OK - did some calculations. I need 150mm of celotex to reach a recommended u-value of 0.16. However, I could care less about recommended, since I just want to improve things. Meeting Part L would be nice, but is a minor consideration. Allegedly the u-value of rockwool blown loft insulation is 0.045W/mK, so my existing 75mm depth weighs in at an outstanding .61.

Starting with prices:

Celotex - 100mm (u-value 0.24) - over a tenner per sqm. Spaceboard much the same. That's a non-starter.... Space blanket - 150mm, more like 3 quid a sqm with the B&Q BOGOF. Would give a u-value of 0.29, but I'd need to cover the joists to make that real,as they are only 4" (truss roof, don't you love them). It would still be better than the existing, regardless of what I did.... Space blanket - 200mm - 1.88 a sqm, u-value of about .2

I guess the space blanket in 200mm form wins - even if the foil only goes half way round. It'll let me easily remove sections for sticking a crawl board down as well, and I can stuff those in the gaps over the joists....

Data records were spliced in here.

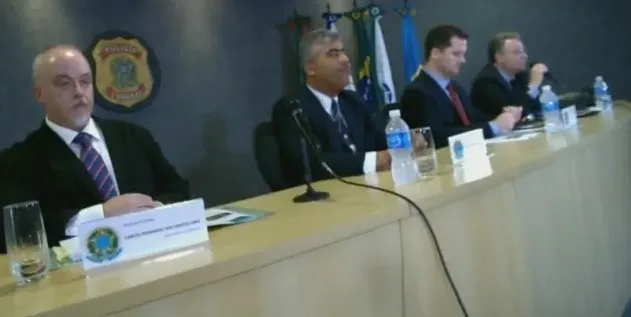 LAVA JATO: &#8220;Lula pode ser o líder do esquema da Petrobras&#8221;; Assista como foi a coletivada PF sobre mandado contra o ex-presidente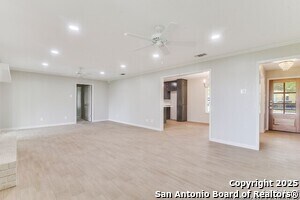 Foto del edificio - 212 Galvin Dr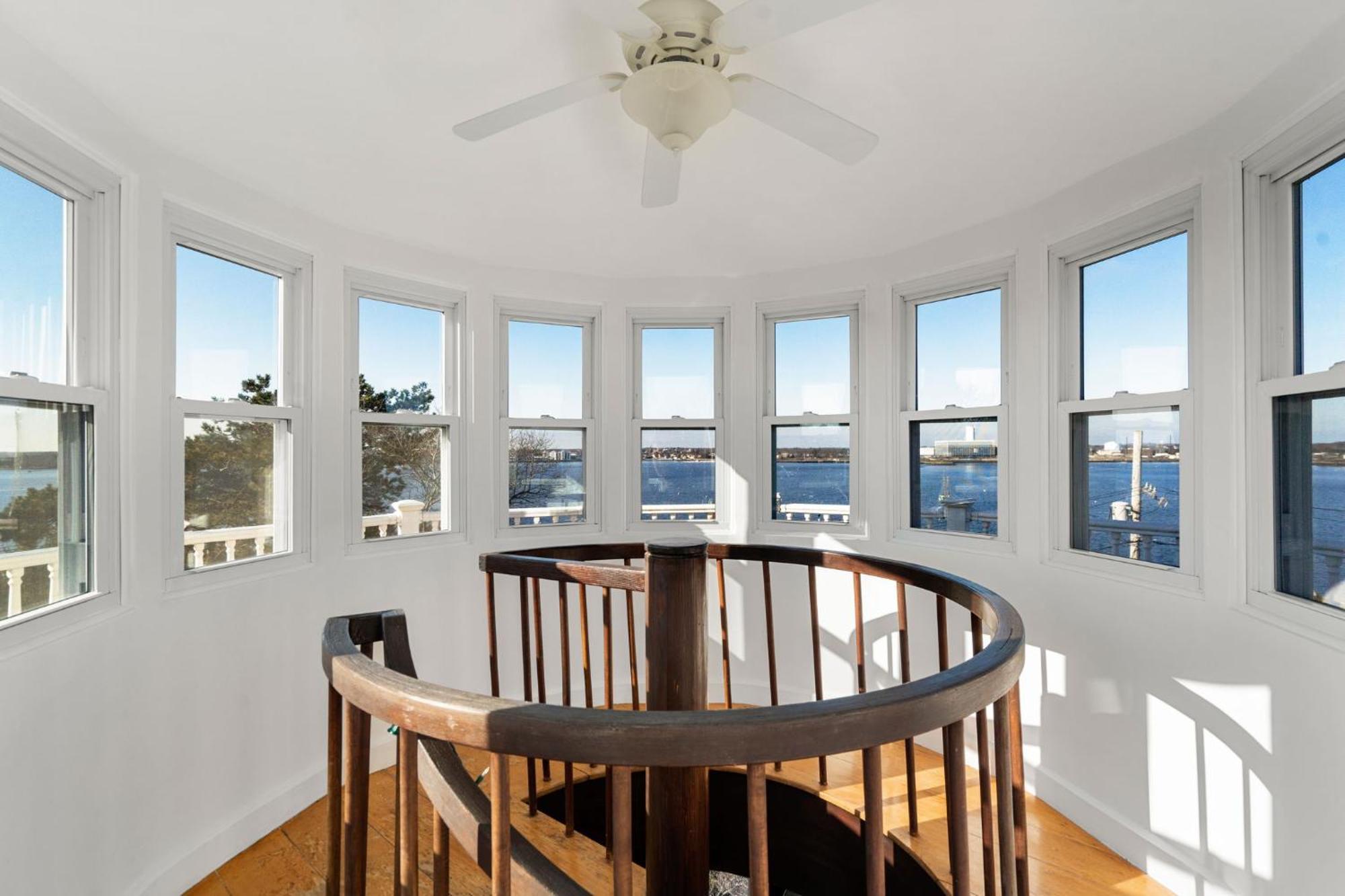 Hot Tub, Electric Bikes, Solo Stove, Projector, Smores Marblehead Esterno foto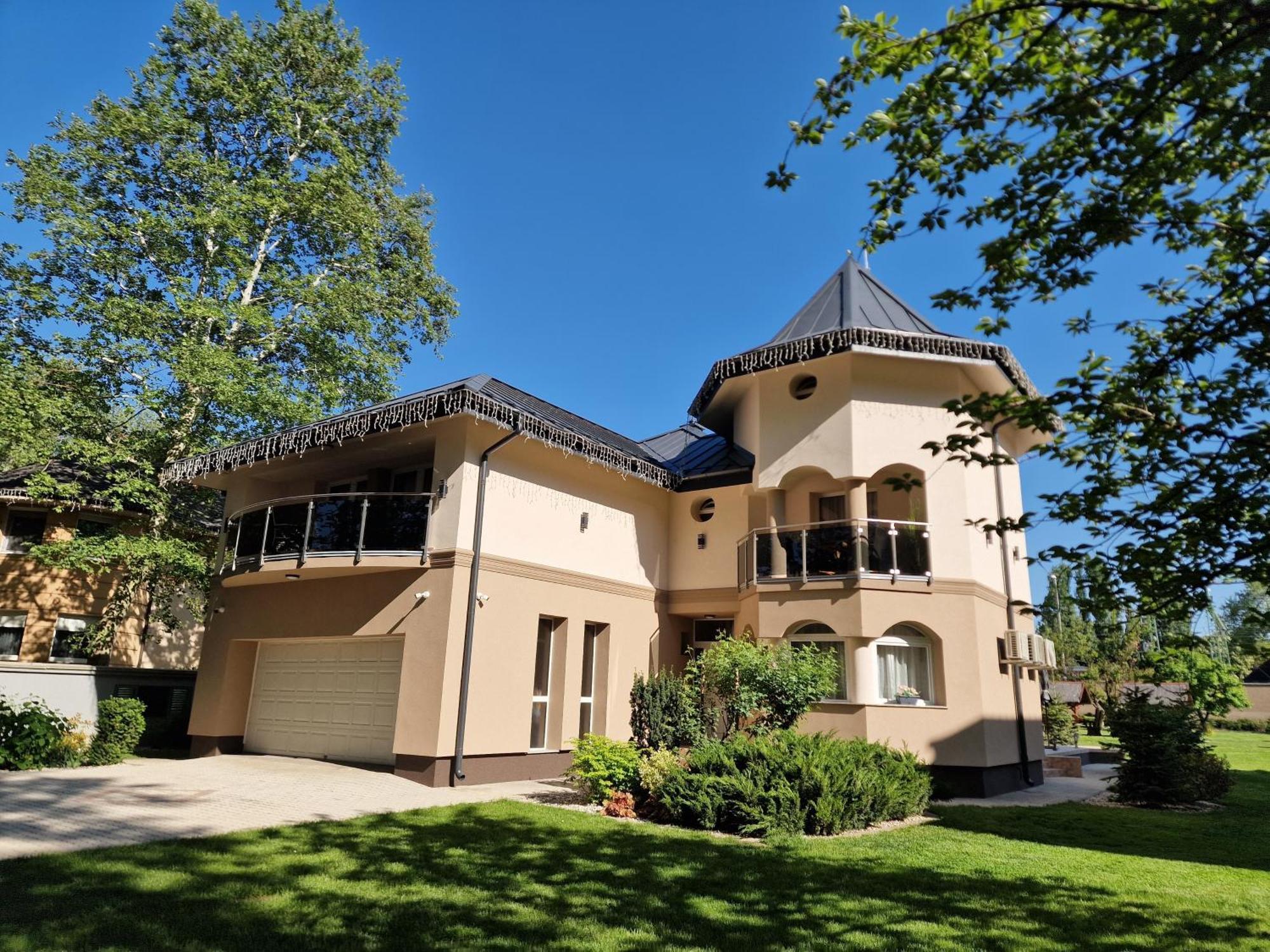 Villa Leticia Siófok Exterior foto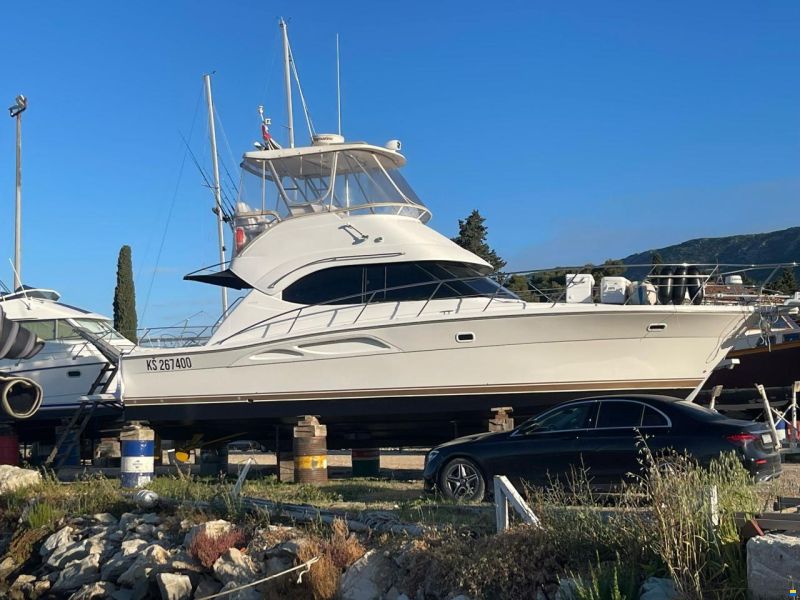 Riviera 37 Flybridge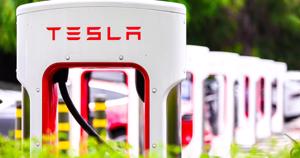 Tesla sáng chế cần gạt nước kính chắn gió ô tô bằng tia laser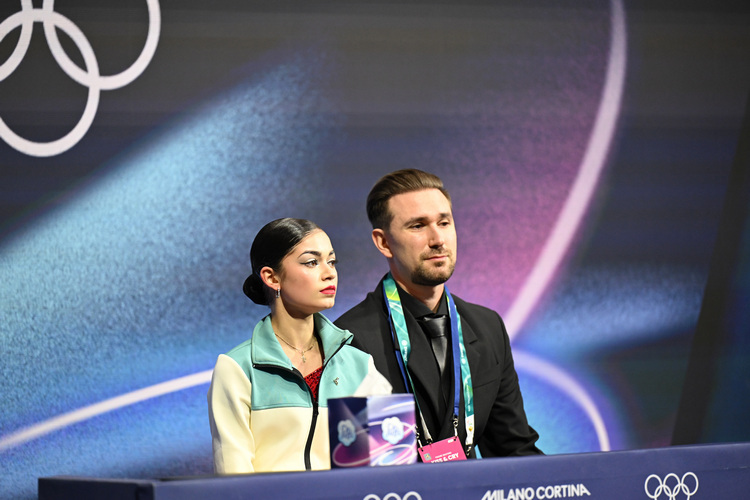 Аделия с тренером Даниилом Глейхенгаузом при объявлении оценок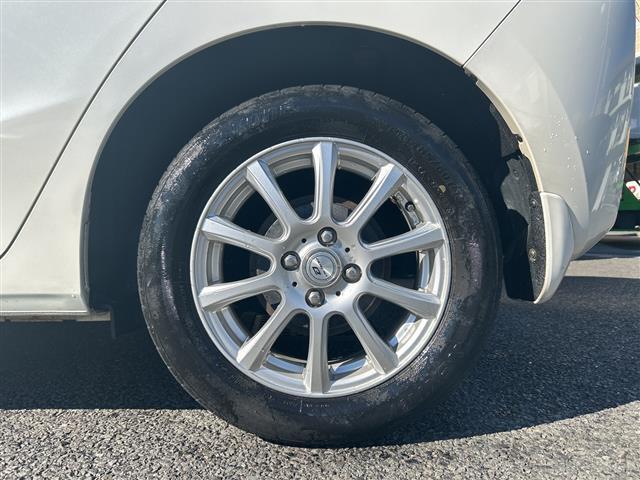 フィットハイブリッド Ｆパッケージ　純正ナビ　ＣＤ　ＤＶＤ　ＦＭ　ＡＭ　ＳＤ　ＵＳＢ　ＡＵＸ　ＢＴ　フルセグＴＶ　Ｂカメラ　前方ドラレコ　ＥＴＣ　ＡＢＳ　プッシュスタート　横滑り防止装置　純正フロアマット　ドアバイザー　フォグライト（32枚目）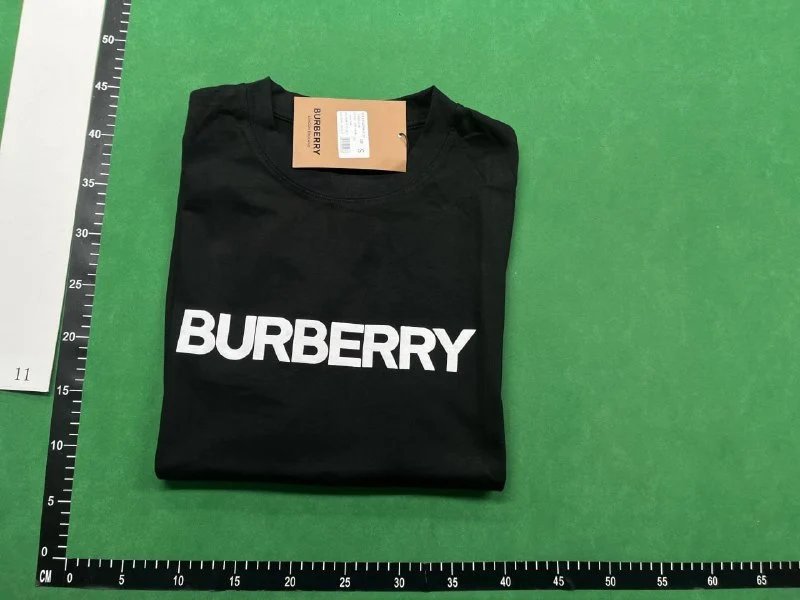 Burberry T-shirt 2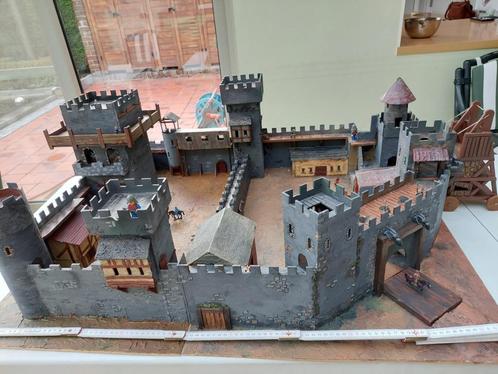 Kasteel middeleeuwen tweedelig, Hobby en Vrije tijd, Modelbouw | Figuren en Diorama's, Nieuw, Diorama, 1:50 of kleiner, Ophalen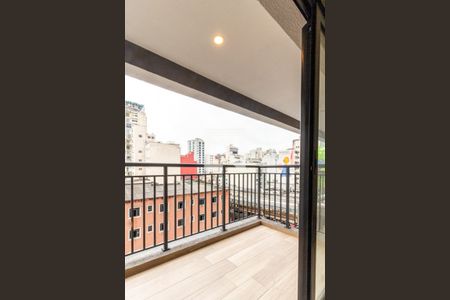 Studio à venda com 27m², 1 quarto e sem vaga Studio à venda com 27m², 1 quarto e sem vagaVaranda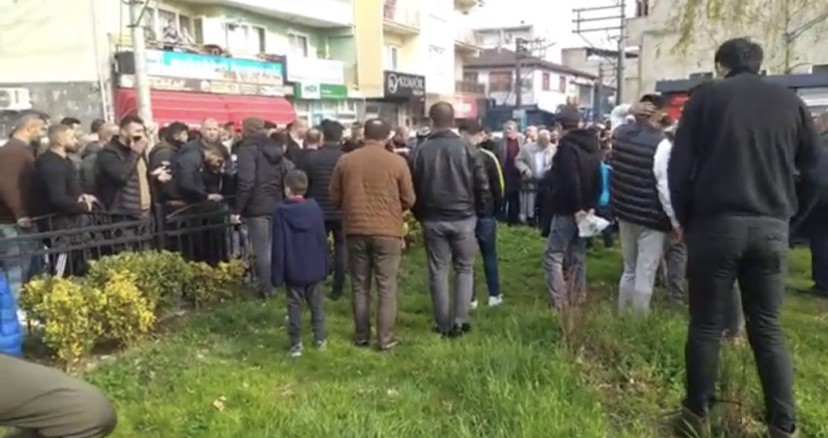 Bursa’da karşılıklı iki grubun meydan kavgasında bir kişi başına aldığı darbe neticesi yaralandı. Edinilen bilgiye göre, olay, merkez Osmangazi ...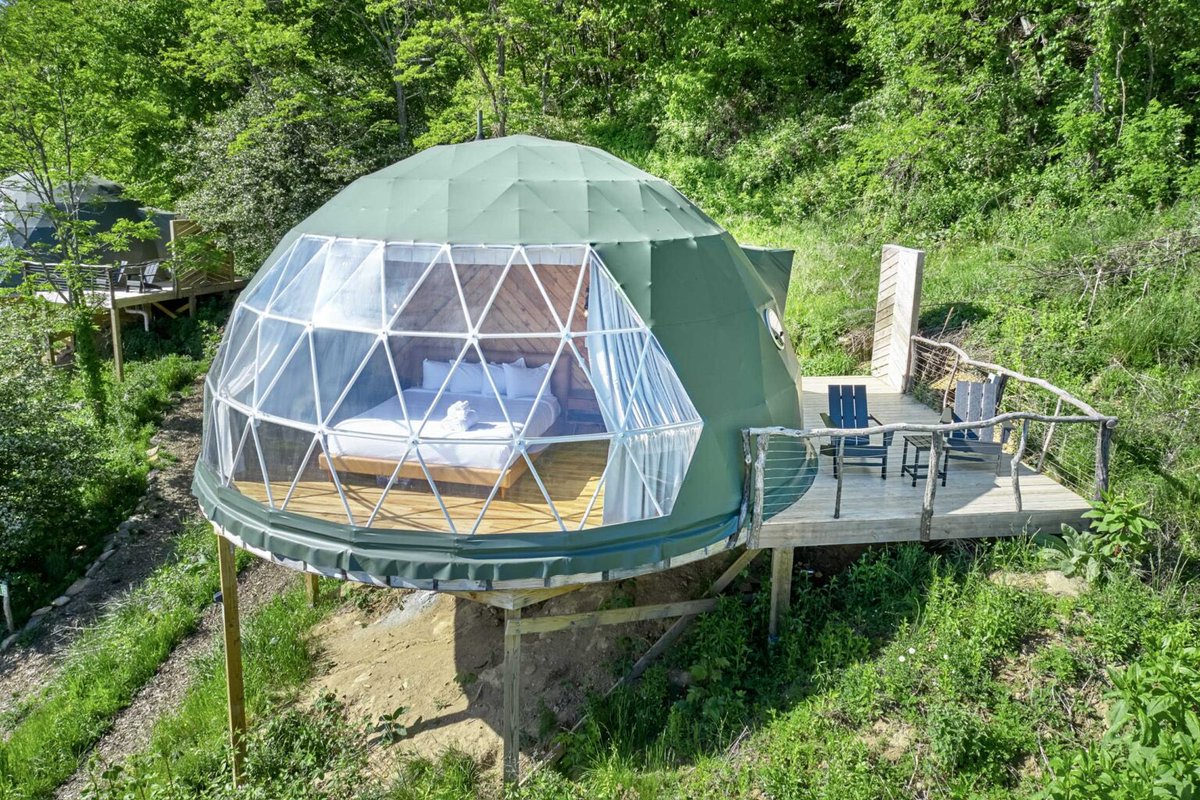 How about sleeping in a glass dome in the Western Carolina mountains? - Click link to learn more - bit.ly/3Qn0DUt

#asheville #ashevillenc #westerncarolina #carolinamountains #charlestondaily #travelblogger #travelblog #travelbloggerlife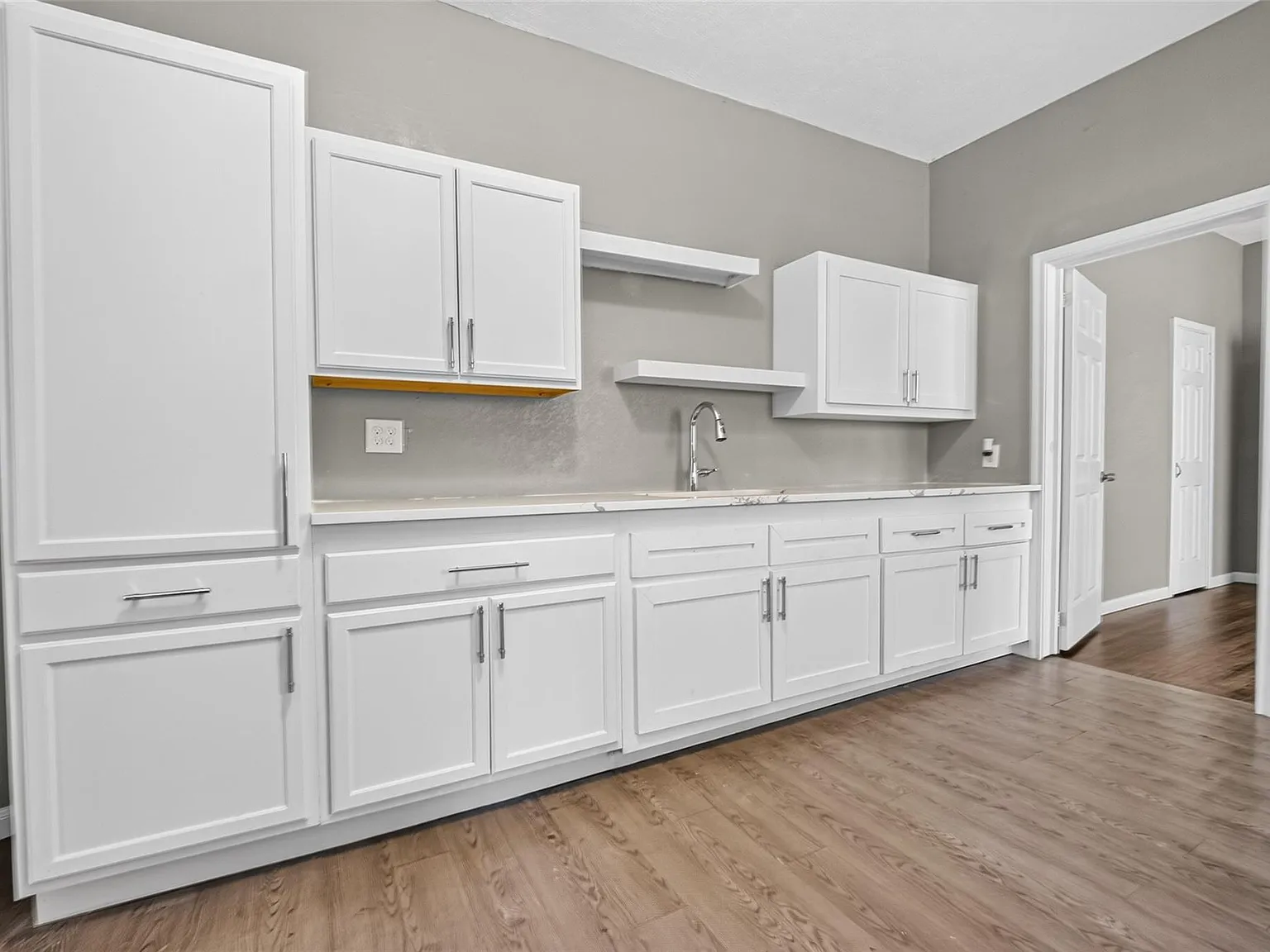 1 bed, 1.0 bath, 1980 sqft, $1,400 — Photo 3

Stupid question - why is space blanket laid foil side up?

Reply to
Nutkey

By the eaves...

- "Celotex Seconds" - keep cost down

- Push this along with a "broom" or plank on a pole

Elsewhere...

- B&Q or whoever "Space Blanket" elsewhere

- Foil backed stuff looks a bit more interesting

It's not about regs, getting the equivalent of 220-250mm etc of insulation in your loft will make your eyes open compared to having

0-50mm previously. The house will be significantly warmer, noise will be noticeably less, draughts will be reduced due to the cold sink, bake-through in summer will be reduced similarly. If your walls have not been CWI you will actually get a bizarre "solar gain hot house" effect if south facing - the heat can get it and the loft insulation holds it in :-) When you add CWI the temperature is less severe, the internal bricks become an "internal thermal mass" smoothing temperature changes.